Cons. Stato, Sez. V, 28 agosto 2019, n. 5924
Per comune e consolidato intendimento, ove il bando richieda per la partecipazione ad una procedura evidenziale (concorso pubblico o procedura di gara) il possesso di un determinato titolo di studio o di uno ad esso equipollente, la determinazione dello stesso deve essere intesa in senso tassativo, con riferimento alla valutazione di equipollenza formulata da un atto normativo, e non può essere integrata da valutazioni di tipo sostanziale compiute ex post dall’Amministrazione (cfr. Cons. Stato, sez. V, 6 dicembre 2012, n. 6260; cfr. altresì, Cons. Stato, sez. VI, 3 maggio 2010, n. 2494).
Il principio, dal quale non sussistono ragioni per decampare, poggia sul dovuto riconoscimento in capo all’Amministrazione che indice la procedura selettiva (ferma la definizione del livello del titolo, affidata alla legge o ad altra fonte normativa) di un potere discrezionale nell’individuazione della tipologia del titolo stesso, da esercitare tenendo conto della professionalità e della preparazione culturale richieste per il posto da ricoprire, l’incarico da espletare o il contratto da eseguire (cfr. Cons. Stato, sez. V, 24 gennaio 2007, n. 247).
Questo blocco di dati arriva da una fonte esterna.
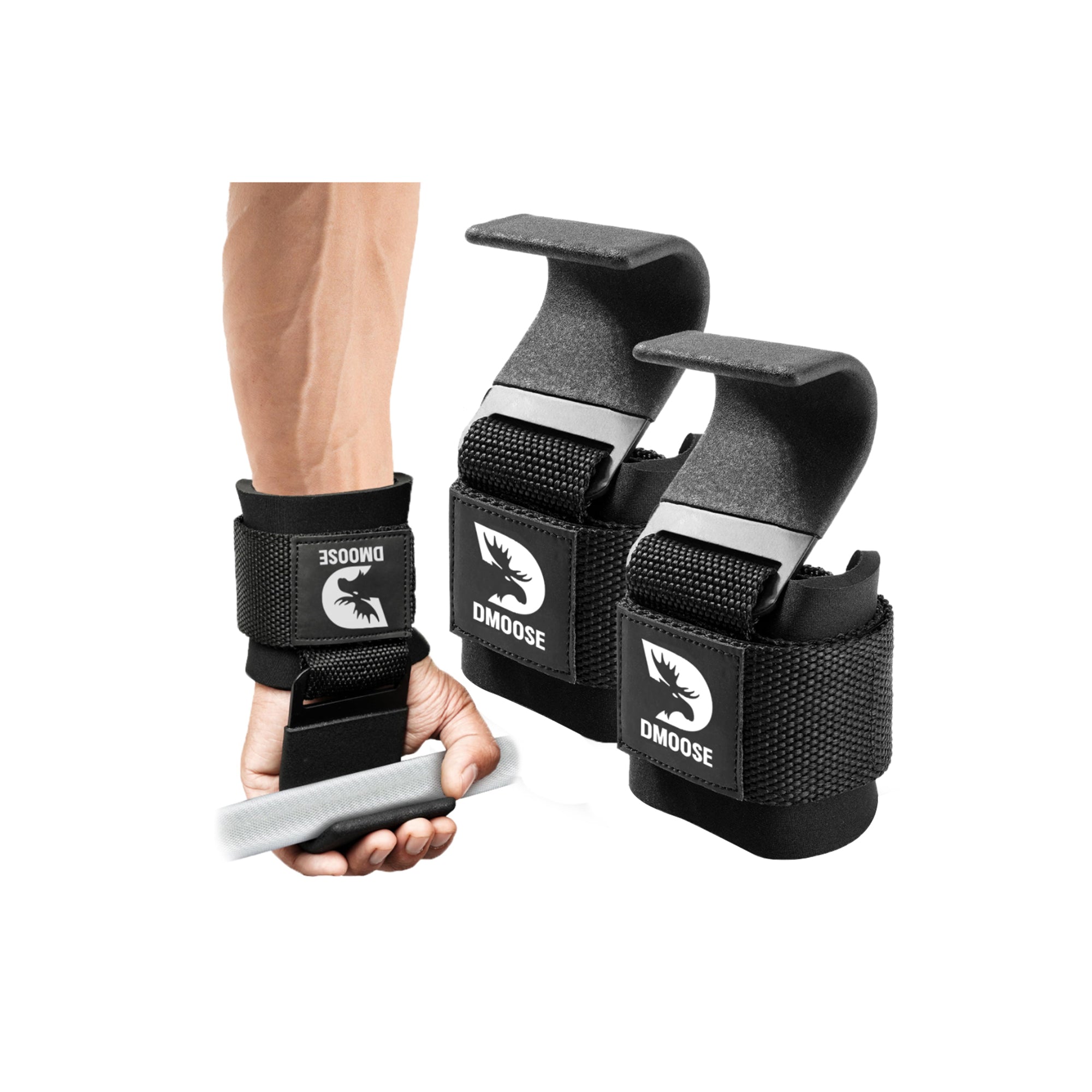 DMoose® Weight Lifting Hooks (Pair) – Heavy Duty Wrist Straps with Thick Padding & Anti-Rip Nylon for Deadlifts, Pull Ups, Rows & Gym Workouts
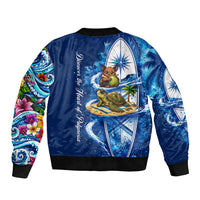 American Samoa Pago Pago Sleeve Zip Bomber Jacket Sea Turtle And Fruit Bat - Tropical Hibiscus Flowers Polynesian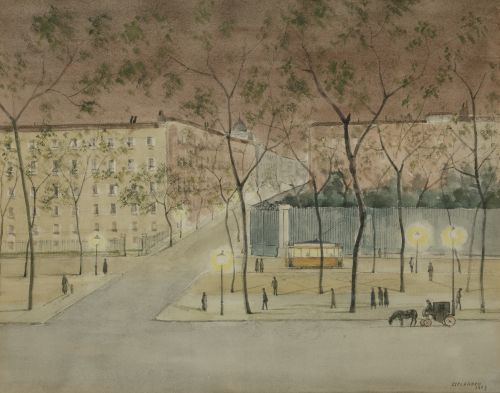 JUAN  ESPLANDIÚ, "Paseo del Prado", 1963, Acuarela y grafit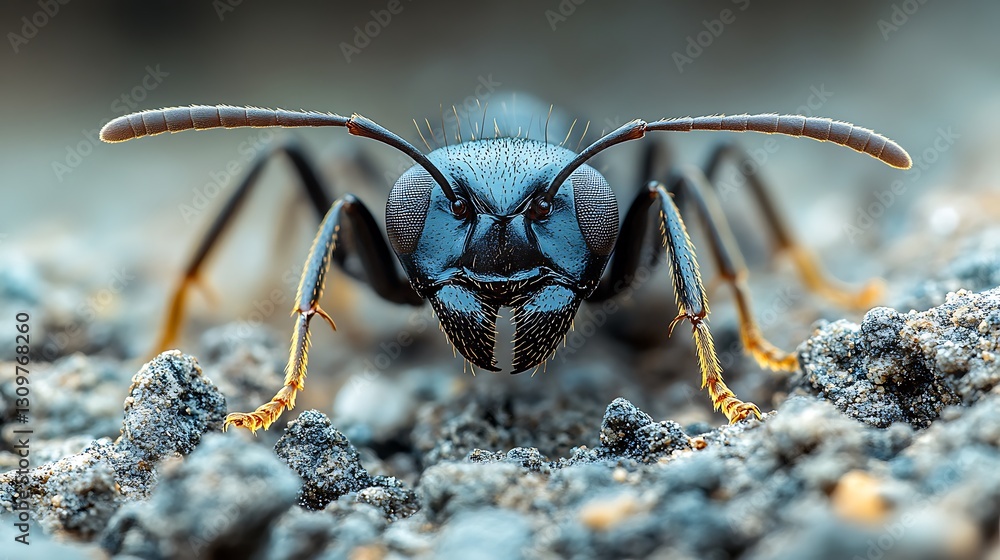 Close-up of a black ant crawling out of its nest onto rough ground emphasizing the insect life cycle Close-up of a black ant crawling out of its nest onto rough ground emphasizing the insect life cycle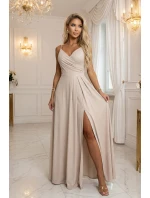 CHIARA Maxi šaty bez ramínek s obálkovým výstřihem a rozparkem na nohou  s třpytkami model 21938652 - numoco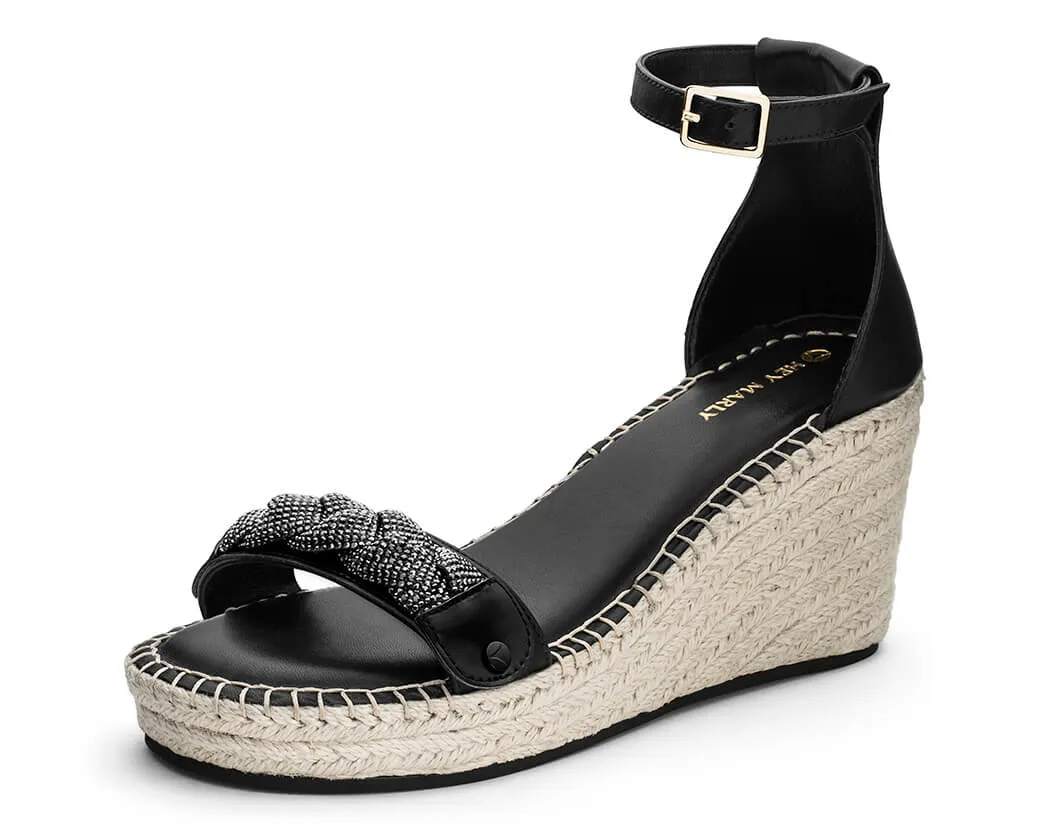 Braided Glitter - Wedge Bast High Black PS1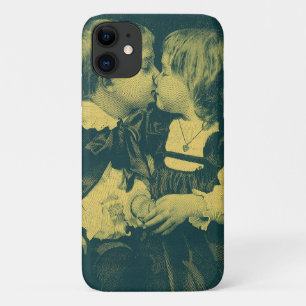Oude liefdes- en romantische foto, kinderen kussen iPhone 11 hoesje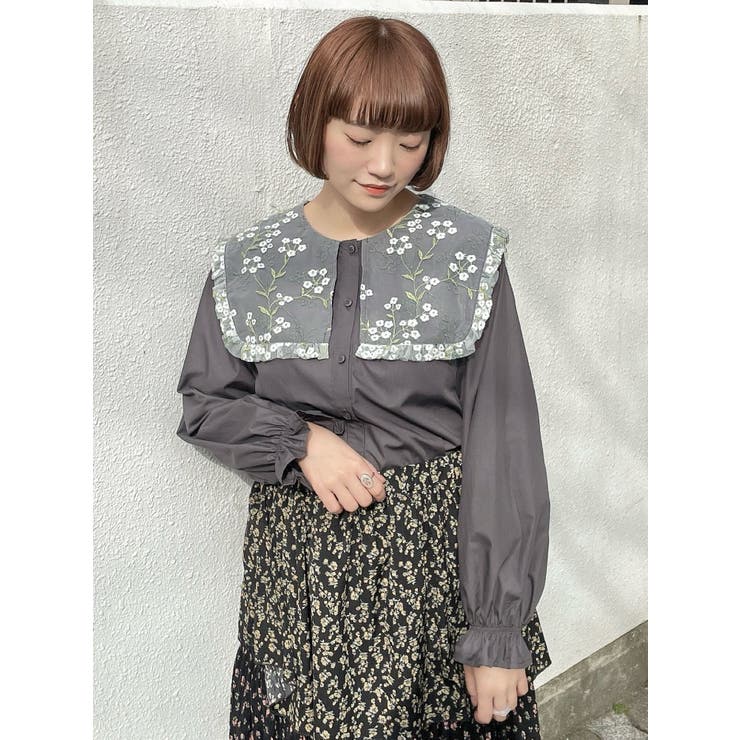 新品】miely ミエリー レーシー 丸い ブラウス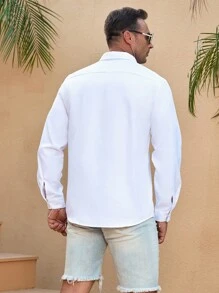 Manfinity Homme Áo sơ mi Nam Nút phía trước Sọc ca rô Giải trí - trắng - Xem 2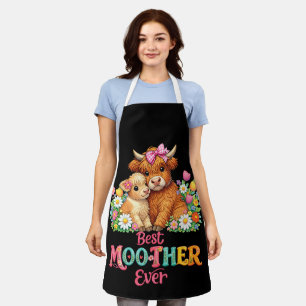 Scottish Highland Cow Mom Happy Mother's Day Apron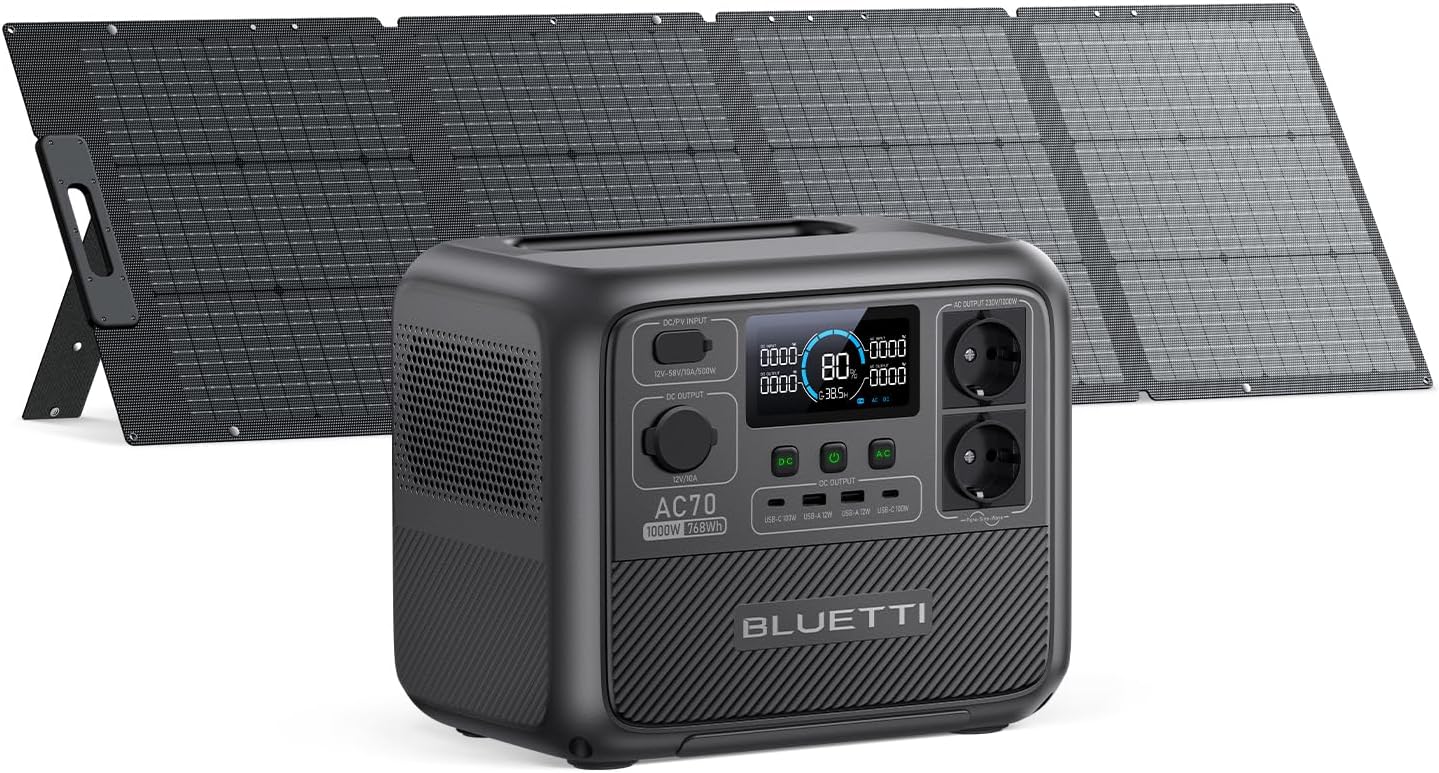 BLUETTI AC70 Générateur Électrique Portable avec 200W Panneau Solaire(Livré Séparément), LiFePO4 de 768Wh Charge Rapide de 45 Min de 0 à 80%, 2 Sorties CA de 1000W (2000W Pic) pour Voyage, Camping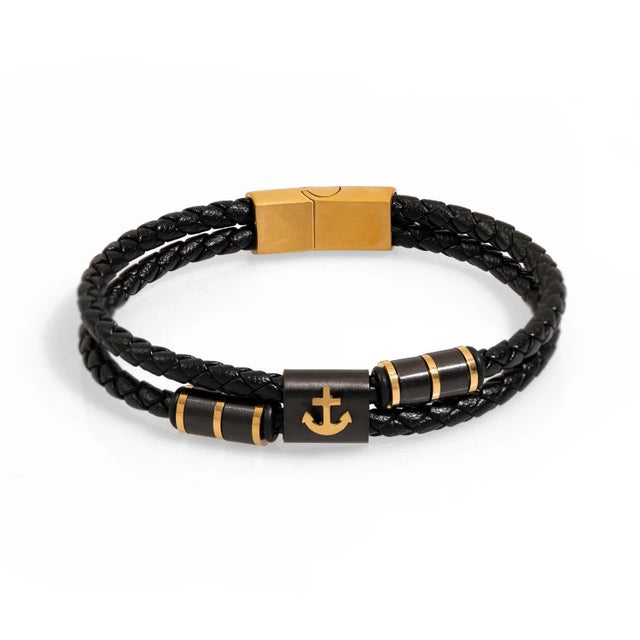 Gold Anchor Design Black Leather Men's Style Bracelet For Sale In Miami - Image 6 of 6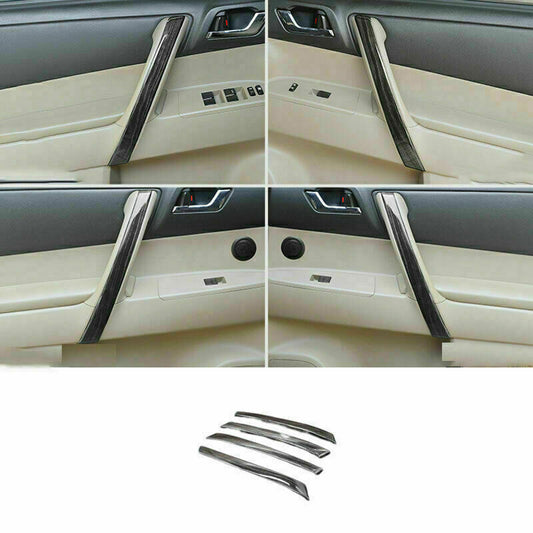 for Toyota Highlander 2008-2013 Black Wood Grain Door Armrest Strips Cover Trim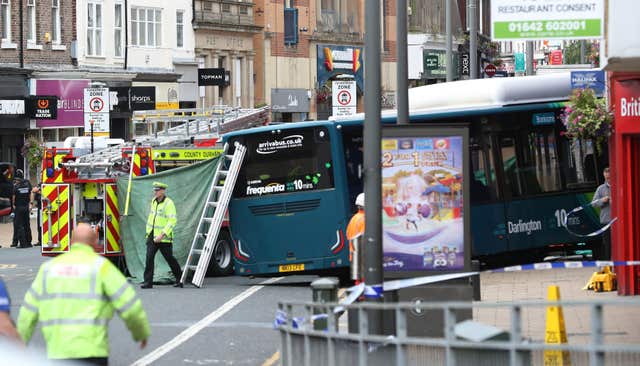 The scene of the bus incident in Darlington where an elderly female pedestrian died (Owen Humphreys/PA)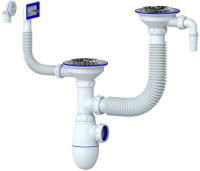 В710V сифон для двойной мойки с отводом для стиральной машины с  круглым переливом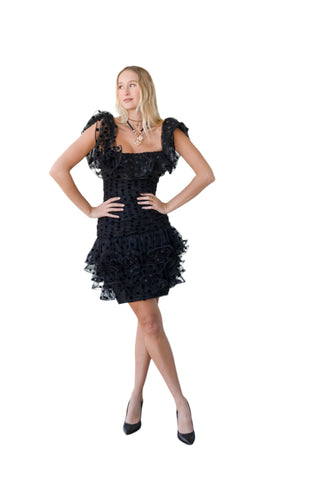 Vintage 1980s Vicky Tiel Couture Black Polka Dotted Tulle Dress with Ruffles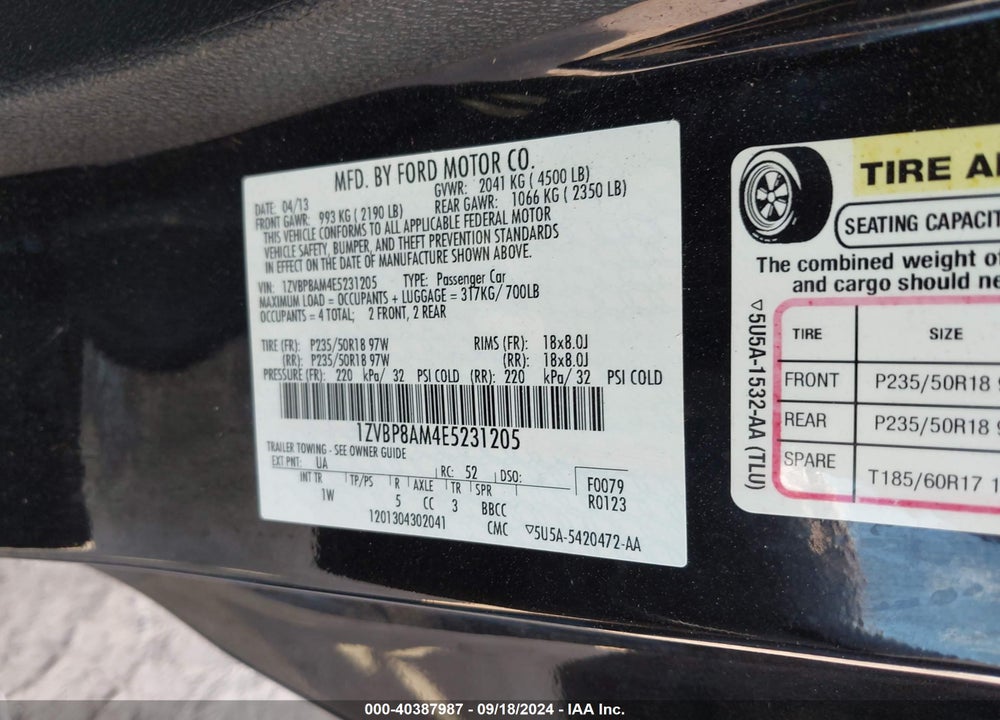 2014 FORD MUSTANG V6 VIN: 1ZVBP8AM4E5231205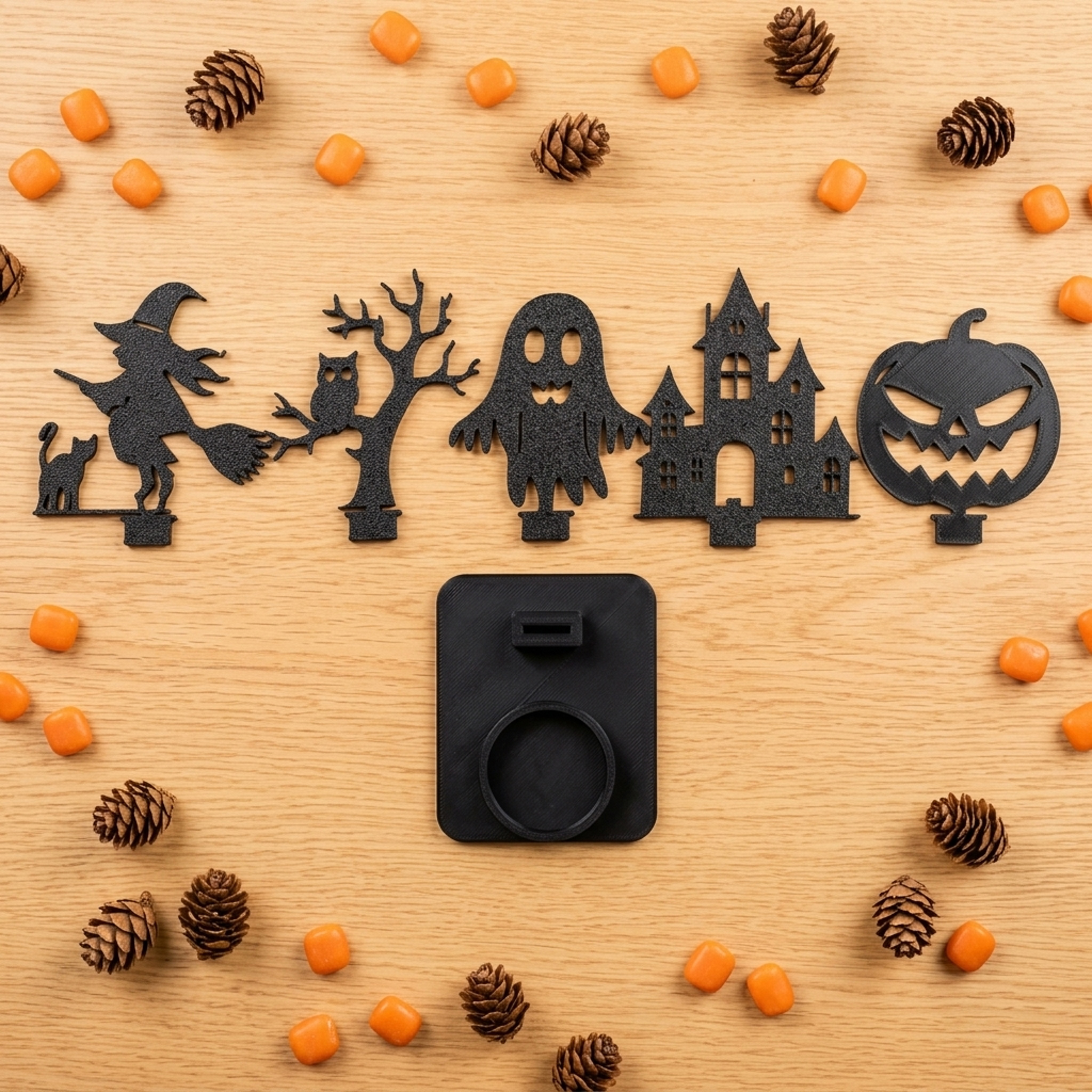 Halloween-Teelichthalter Komplettset – 5 Schattenmotive Halloween-Teelichthalter Komplettset – 5 Schattenmotive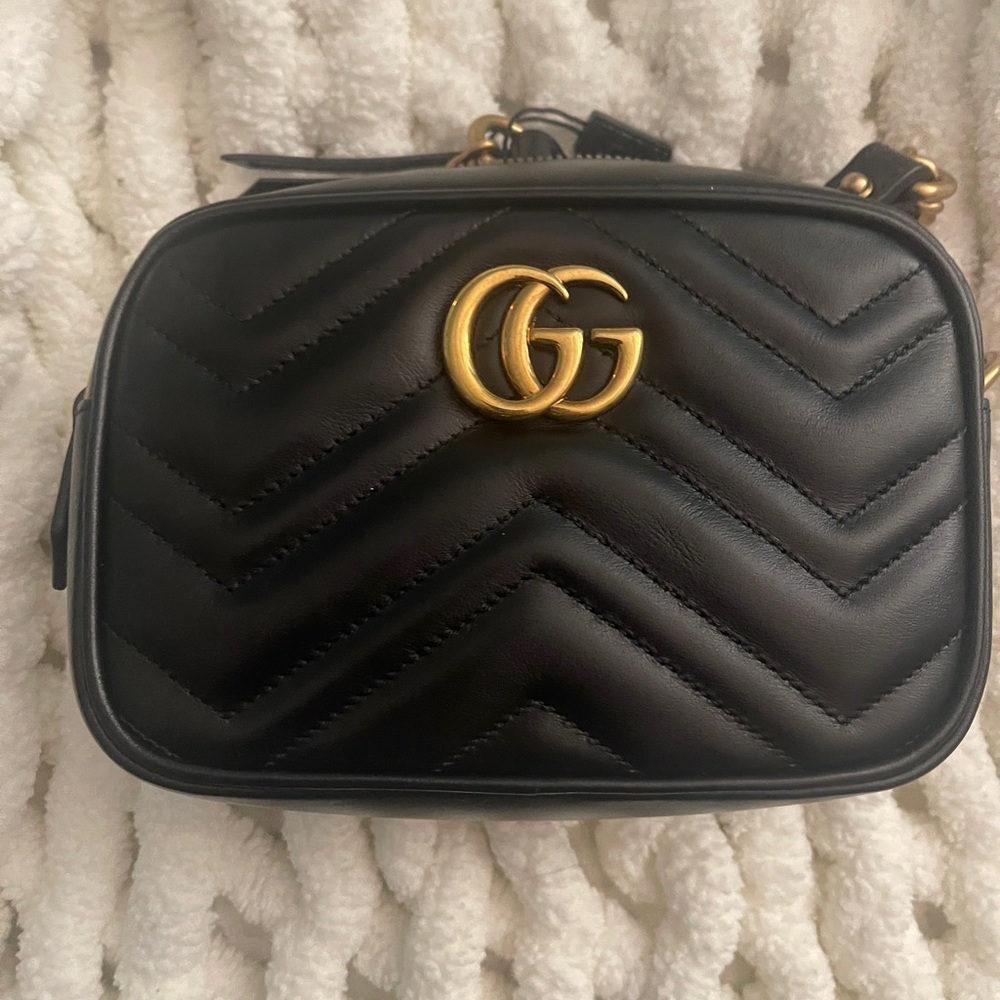 Black Quilted Leather Crossbody Bag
Peraltro, nelle procedure evidenziali assoggettate alla disciplina dei contratti pubblici, la (necessaria) valorizzazione del canone di equipollenza trova fondamento nel generale divieto di restringere, senza idonea e congrua giustificazione, l’accesso paritario alle commesse pubbliche (cfr. artt. 30, 83 e 170 d. lgs. n. 50/2016).